In any case, I’d definitely recommend this show to everyone.

Book #20: I Shall Wear Midnight (2010)

Finished reading on: 15 Dec 2011
By: Terry Pratchett
Length: 414 pages
Language: English

I waited a long time to read this book. At some point over the past few years I got frustrated at buying expensive hardback copies of Pratchett’s books and opted to wait for his next one (ie, this one) to come out in paperback before I actually bought it. So far, so good, although the time between the hardback release and the paperback release is phenomenal (and his newest book, Snuff, is now out in hardback, although now I own a Kindle, so I will probably read it on that, whenever I get around to it), so I essentially waited a very long time to actually read this book.

Anyway, I’m sorry to say it wasn’t really worth the wait; it’s, bluntly, not as good as some other Pratchett books that I’ve read, and in the end, it took me a couple of months to actually get through it.

I think this mainly boils down to Tiffany Aching, and the fact that I find her to be a bit Mary-Sue-ish, even when, as in this story, she’s battling all the elements and things are really going badly for her. She just seems to know all the answers, and yet she’s 15, and a big theme of all her stories is one of growing up.

Why Pratchett had to make a series of Discworld stories specifically aimed at young adults is confusing to me, to be honest. Perhaps that’s because I’ve been reading them since I was 13 anyway, and thus having a teenage protagonist has never seemed to me like the way to aim your book at teenagers.

Anyway, the other thing is that I can’t really remember (it’s been a few years) what happened in the most recent Tiffany Aching stories before this one. So the story starts with her as a full witch (she used to be a witch-in-training), and I’m left wondering when this actually happened. So I guess it’s through a combination of not really enjoying the character herself, not understanding why she exists in the first place in a meta sense, and just not really being interested in her backstory that I ended up not really enjoying this book.

On top of that, I’ve read a lot of Pratchett books, and while I still consider him a funny author, he’s been getting really repetitive. Several tropes recur all the time in his novels, especially the idea that humans have a weirdness censor, or certain jokes that should have been one-off but get repeated in many of his books. So when I was reading this I was finding his sense of humour a bit old and “done” at this point, simply because I feel like I’ve read the same book before.

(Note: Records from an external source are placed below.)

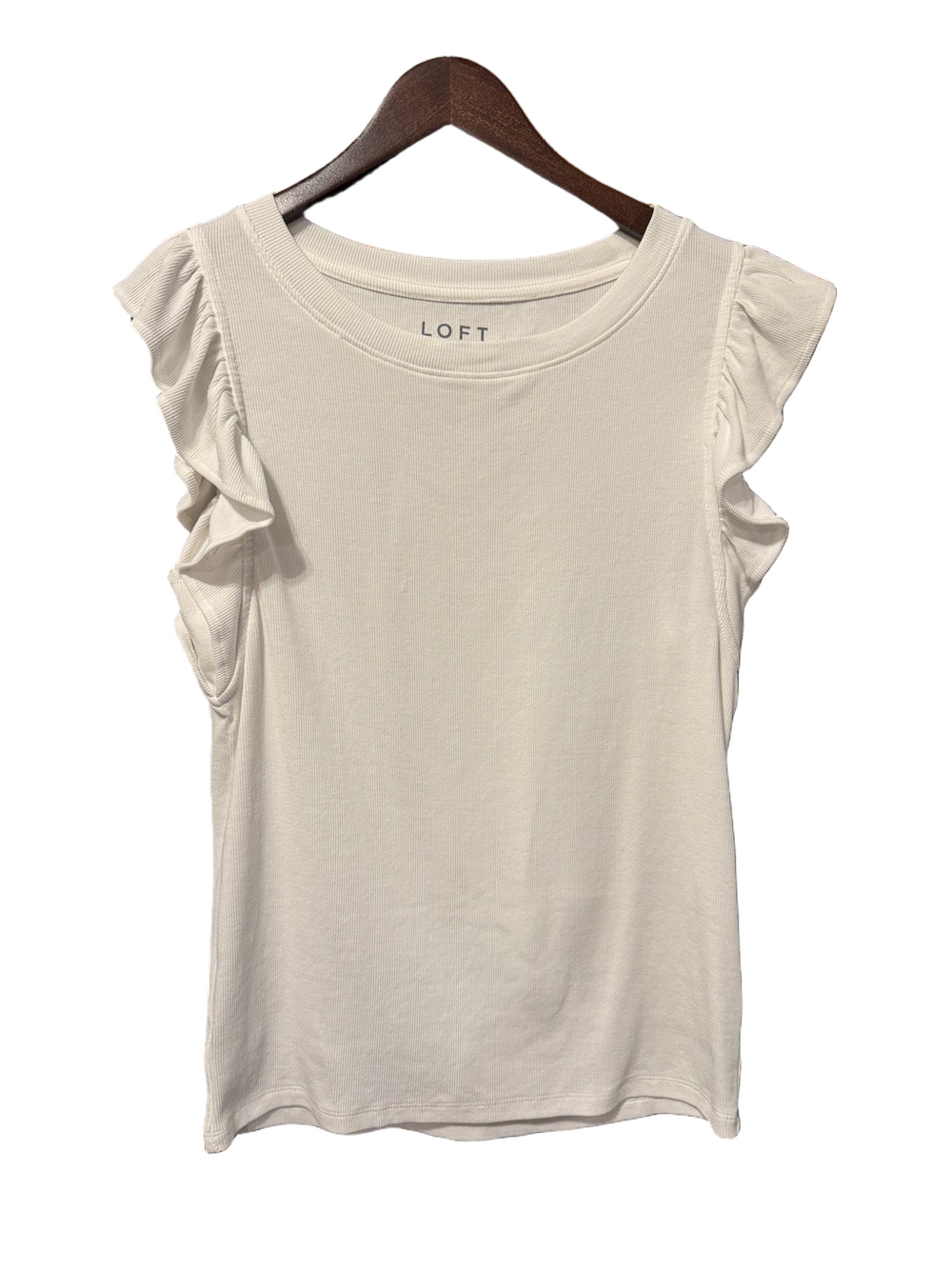 LOFT White Ruffle Cap Sleeve Ribbed Top Size M - Picture 2 of 4
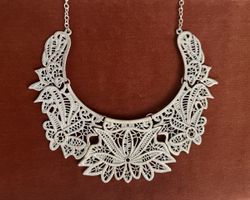 Statement Halskette Collier Modeschmuck silberfarben floral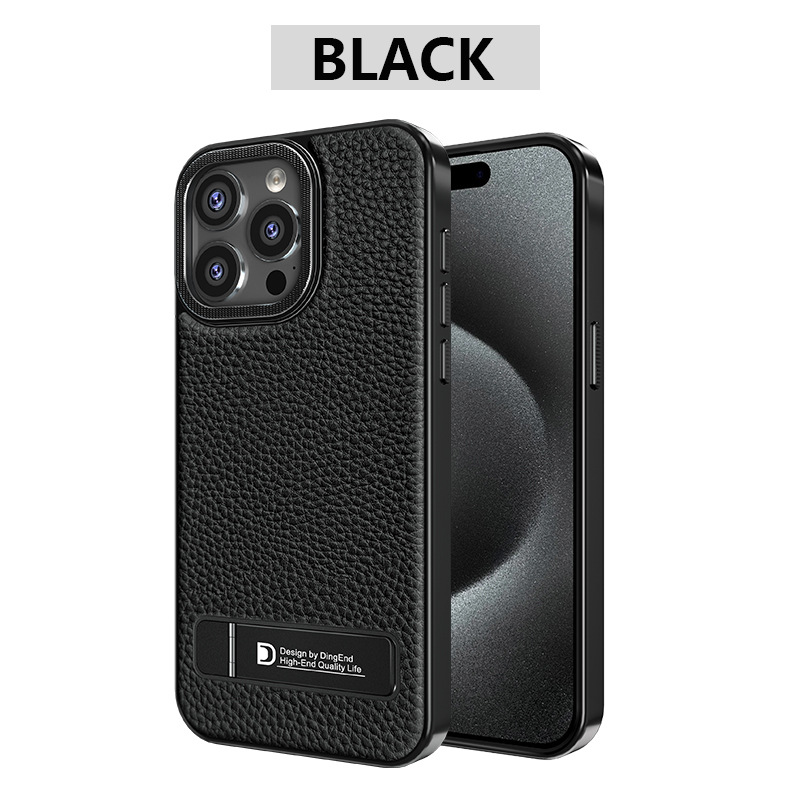 Ốp lưng iPhone 17 Pro Max chống sốc, có chân đứng, họa tiết vải da Apple nhập khẩu — đen, xám, màu nâu, màu cam chi tiết 12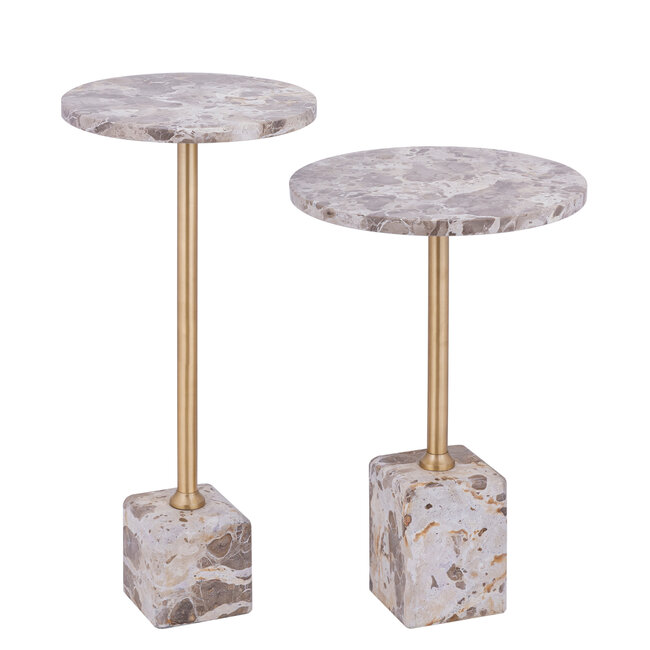 Ebe beige marble sidetable with round top law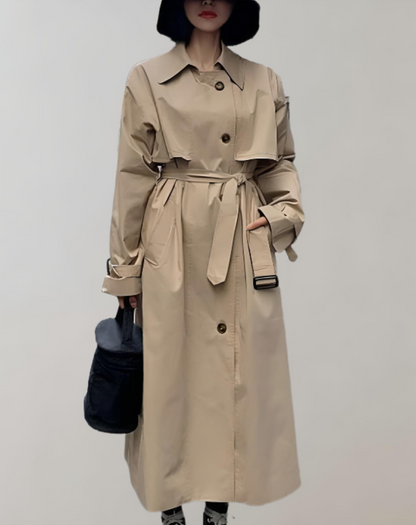 Olivia - Lange trench herfstjas met riem taille en knopen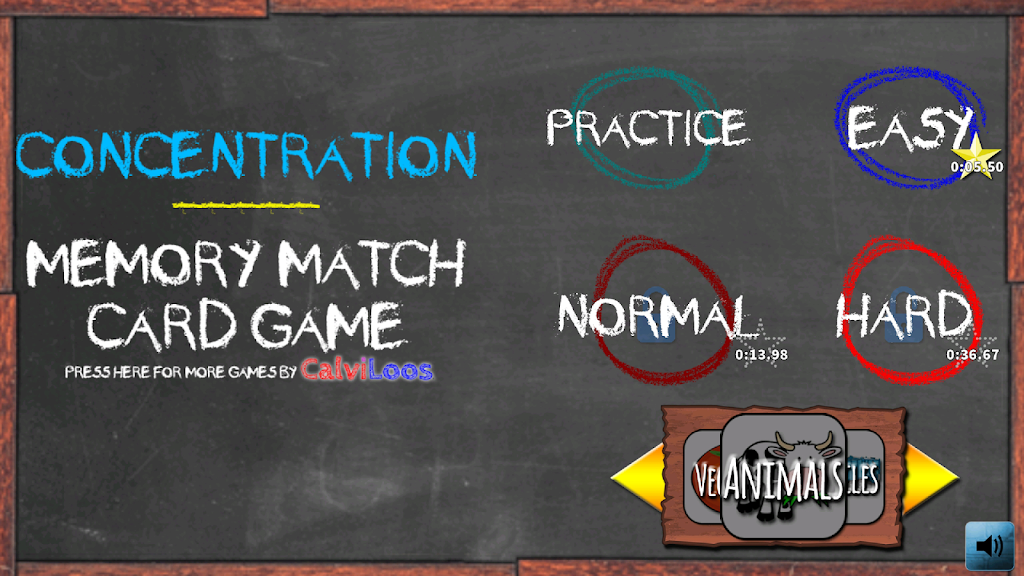 Schermata Concentration Memory Match Brain Game 1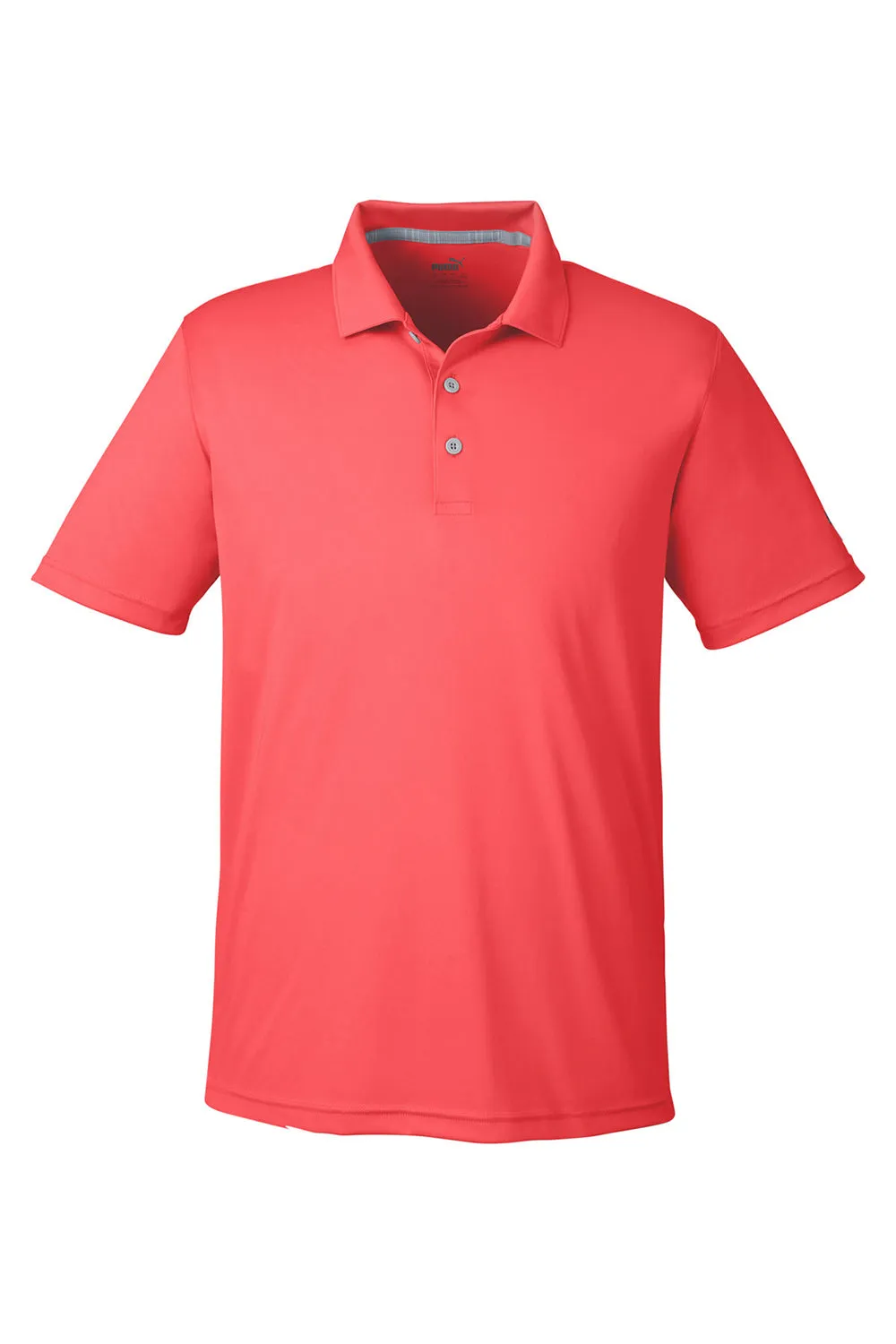 Puma Mens Gamer Moisture Wicking Short Sleeve Polo Shirt - Hot Coral - Closeout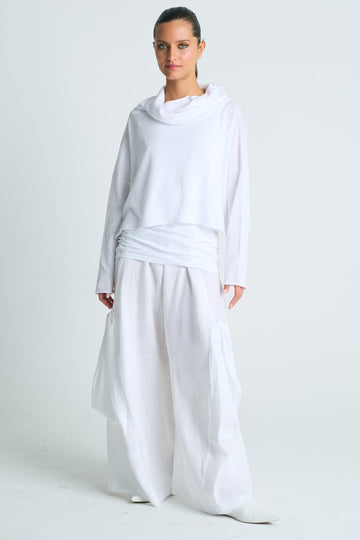Pima Linen Cowl Neck Sweater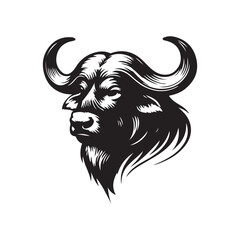 Fototapeta premium Buffalo Flat Icon, buffalo silhouette black vector art illustration, illustration logo of minimalist outline of a buffalo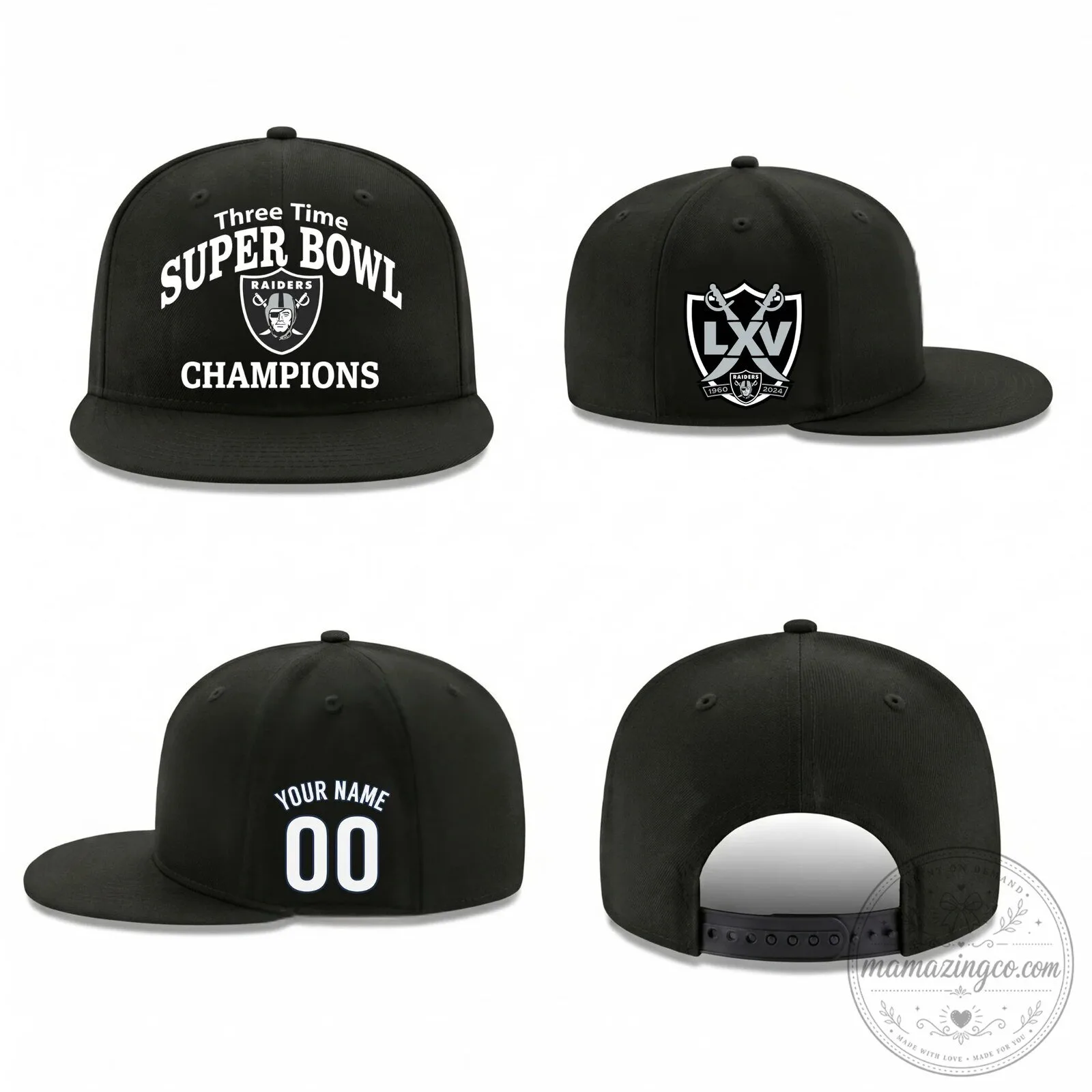 Personalized Snapback Hat featuring Las Vegas Raiders - Three Time Super Bowl Champions 6 Personalized Snapback Hat featuring Las Vegas Raiders - Three Time Super Bowl Champions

That said, even a bad Pratchett book was ultimately an enjoyable read, even if I had to eventually force myself to finish it (the train journey back from York in December was useful for that!). And it’s not like the book didn’t have redeeming qualities – as a friend pointed out to me, it really puts Tiffany Aching into a “darkest hour” type of situation, where everything starts to go wrong for her bit by bit and she has to pick up all the pieces, and those kinds of situations are very interesting in a narrative sense. But overall, I’d recommend reading other Pratchett books before this one.